John Zachman, President, Zachman International,

John will be speaking at IRM UK’s annual Enterprise Architecture Conference Europe 2016, 13-16 June, London and will be presenting his seminar Zachman Enterprise Architecture: Modelling Workshop & Certification, 27-30 September 2016; 28 February-3 March 2017, London

Those of us who cared about this issue knew that even if we could get the strategy formalized in such a fashion that we could do some engineering kind of work with it, it still was a LONG way from Strategy to Implementation. We intuitively felt that “Architecture” had something to do with the logic that bridged the strategy to the implementation but we didn’t know what Architecture was for Enterprises.

We also knew that the CEO’s seemed to care about this issue too since “Alignment” kept showing up in the CEO surveys of the Top 10 Issues that DP (“Data Processing,” now called IT, “Information Technology”) had to address. In fact, “Alignment” STILL tends to show up in the Top Ten IT issues in CEO surveys.

The CEO’s appear to be saying something like, “we are spending a LOT of money down there in IT and I am not sure what is being done with it because it doesn’t seem to be ‘aligned’ with what I think the Enterprise is.” Hmmmmm.

Some people might suggest that nothing has changed … in fact, “Alignment” is still showing up in the top ten issues that CEO’s consider critical for IT to address.

In any case, back in 1980 we had this sense that somehow “architecture” was involved in this issue.

One day, I had a radical idea … I said, “You know what we ought to do? We ought to find someone who does architecture for something else, like a building, or an airplane, or a computer or something and find what what they think architecture is and if we could find out what architecture is for something else, maybe we could figure out what architecture is for Enterprises … and then figure out how to transform the Enterprise strategy into the operating Enterprise.”

I had a personal friend who was an Architect, a building Architect. It was easy for me to visit my friend to determine what architecture is for buildings, for example.

What I discovered was shocking!

I discovered that Architecture is Architecture is Architecture! The structure of the descriptive representations that are used to design and manufacture ANY building, complex or simple, large or small, is identical.

  • EVERY building has a bill of materials.
  • EVERY building has functional specifications.
  • EVERY building has geometry (drawings).
  • EVERY building has operating instructions.
  • EVERY building that has moving parts has timing diagrams.
  • EVERY building has design objectives.

Not coincidently, I am sure, these descriptive variables are completely consistent with the “six primitive interrogatives” that come from the origins of language, WHAT (parts) the building is made of, HOW (function) the building works, WHERE (geometry) the parts fit, WHO (operator) works the building, WHEN (timing) the components are operated and WHY (objectives) the building works as designed … six primitive interrogatives that linguistically and collectively constitute the complete description of any subject or object.
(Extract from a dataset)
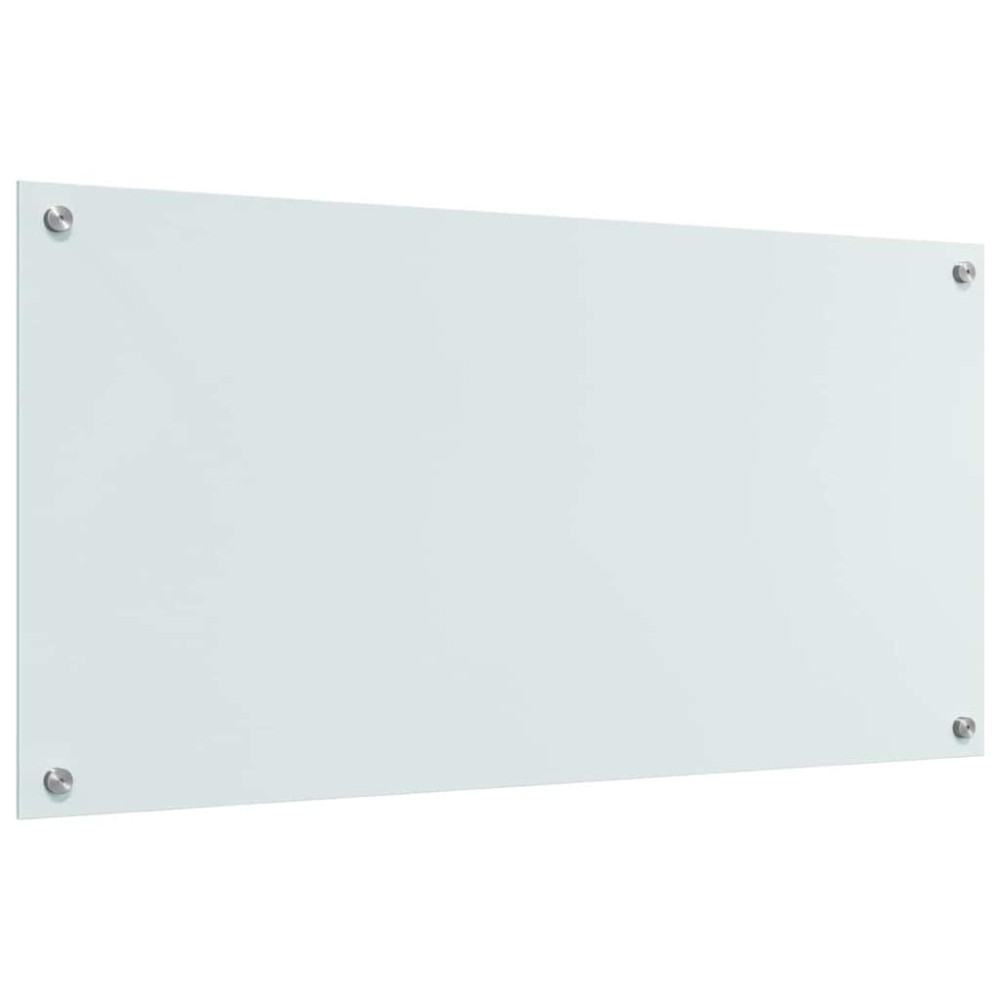 Produktbild för Köksskydd 2 pcs Vit 100 x 50 cm härdat glas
But, there was another startling discovery. Each of the above variables is described from
varying perspectives.

  • EVERY variable is described from the scope, or strategy perspective.
  • EVERY variable’s requirement concepts are described from the Owner ‘s perspective.
  • EVERY variable’s design logic is described from a Designer’s perspective.
  • EVERY variable’s implementation physics is described from the Builder’s perspective.
  • EVERY variable’s construction configuration is described from the worker’s tooling perspective.

Not coincidently, I am sure, these transformations are completely consistent with the philosophy concept of “reification.” Aristotle and Plato and others knew that an idea you have must go through these five transformations (to instantiation) if you want the instantiation to have any relationship with the idea at the conclusion.
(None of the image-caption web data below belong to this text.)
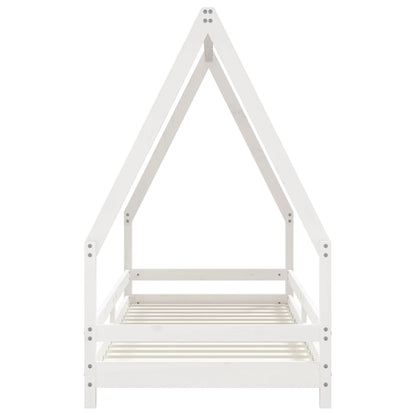 Kinderbedframe 90X200 Cm Massief Grenenhout Wit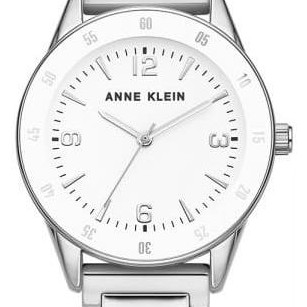 Anne Klein White Silver AK3603WTSV - zegarek damski 2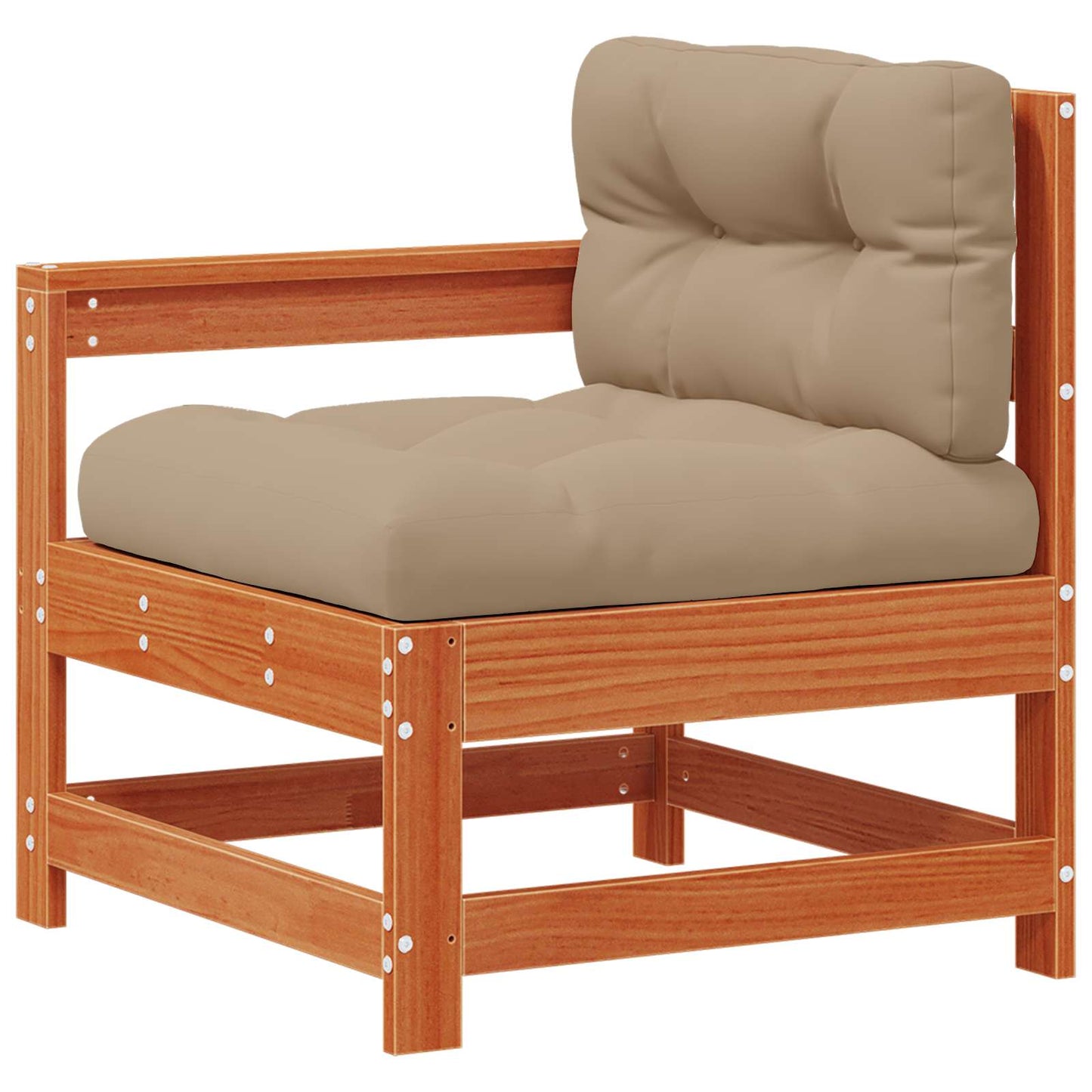 Kerti lounge szett 6 pcs Viaszbarna Tömör Fenyőfa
If every plumber, every electrician, every back-hoe driver, every sub-contractor, every contractor, every project manager, every building engineer, every architect, every building owner, every building occupant wanted to define Building Architecture the way they wanted to define it, we wouldn’t have hundred story buildings. We wouldn’t even have 4 story buildings … look around the older european cities … or even the older US cities.
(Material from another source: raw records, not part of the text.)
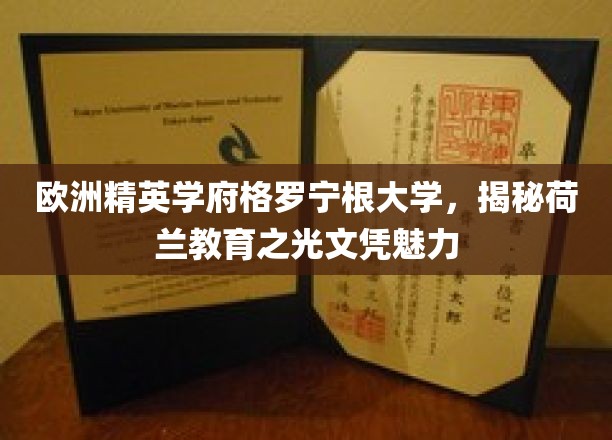 荷兰教育瑰宝，格罗宁根大学——探寻精英学府的文凭魅力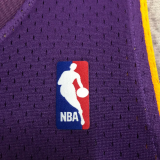 2001 LAKERS BRYANT #8 Purple Retro Top Quality Hot Pressing NBA Jersey
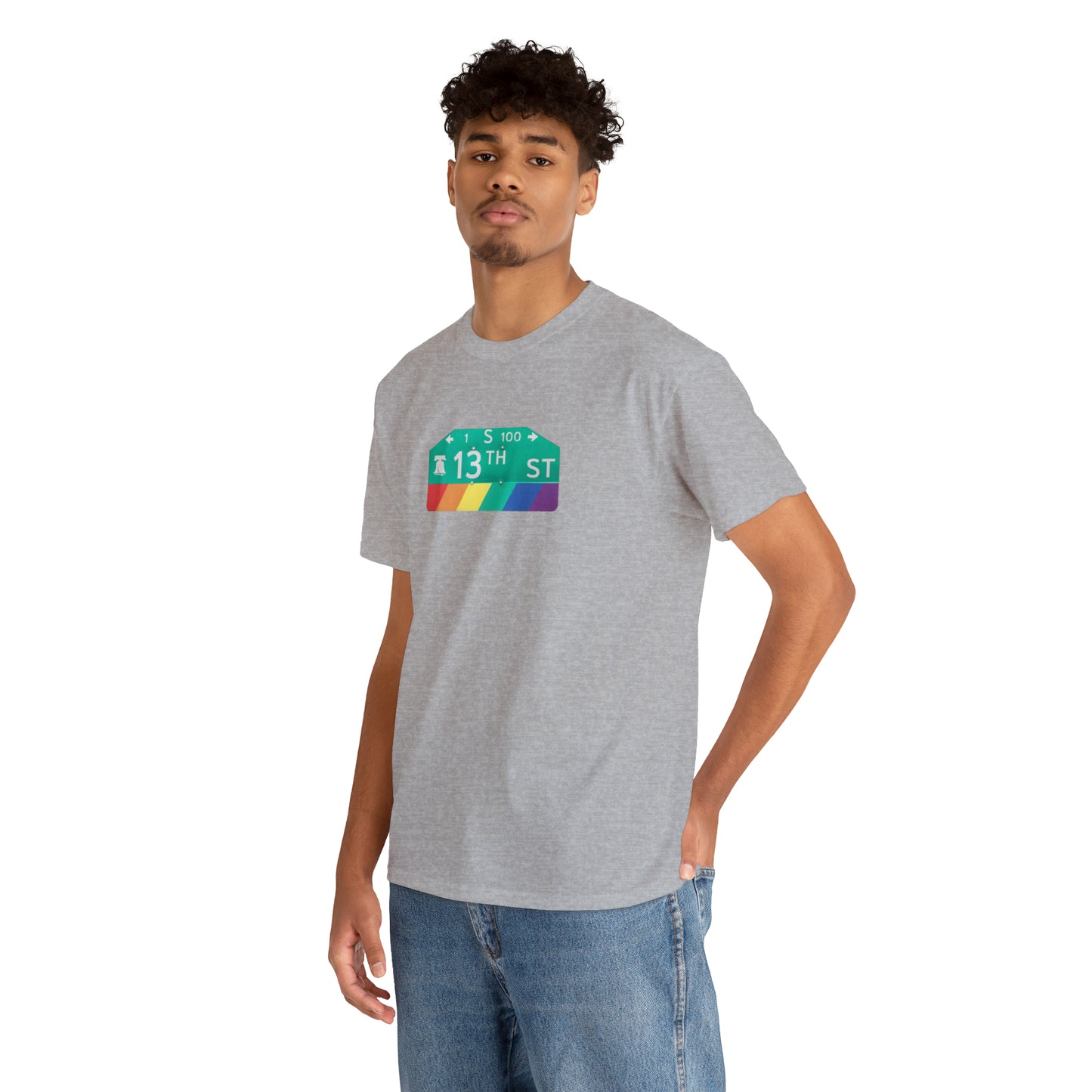 Philly Gayborhood Street Sign Cotton Tee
No, everybody in the building industry already knows and agrees as to what Building Architecture is. It is not arbitrary and not negotiable … in fact, it is regulated!!!

Once I saw the pattern, all I did was put Enterprise names on the same architectural components that not only exist for buildings but also exist for airplanes, ships, computers, tables, chairs and every other humanly created object. Architecture IS Architecture IS Architecture!


Figure 1: The Zachman Framework IS Enterprise Architecture

This Framework IS Enterprise Architecture. I do not believe Enterprise Architecture is arbitrary and it is not negotiable. If you want the systems to be aligned with what the CEO’s have in mind … and if you want flexibility, integration, interoperability, reusability, security, etc. you are going to have to have Enterprise Architecture. If you do not have Enterprise Architecture, you are not going to have alignment, interoperability, flexibility, integration, reusability, security, etc, etc. End of story.

If every programmer, every database designer, every data architect, every application developer, every project manager, every CDO, every CTO, every CIO, every CEO, every system user wants to define Enterprise Architecture the way they want to define it, we are going to have more of what we already have … LEGACY. Old, existing Enterprises. Look around the world!

Until we, the information industry, agree that this is Enterprise Architecture, since it is architecture for every other known object humanity has ever created, we are only going to create more of what we already have.

The good news for CIO’s is, because the media for the Enterprise descriptive representations is the same as the media of the Enterprise instantiations (the systems), we don’t have to do this all at once! This enables us (IT … somebody) to build this out iteratively and incrementally, little by little, over some long period of time … maybe perpetually … forever. It simply has to be GOVERNED.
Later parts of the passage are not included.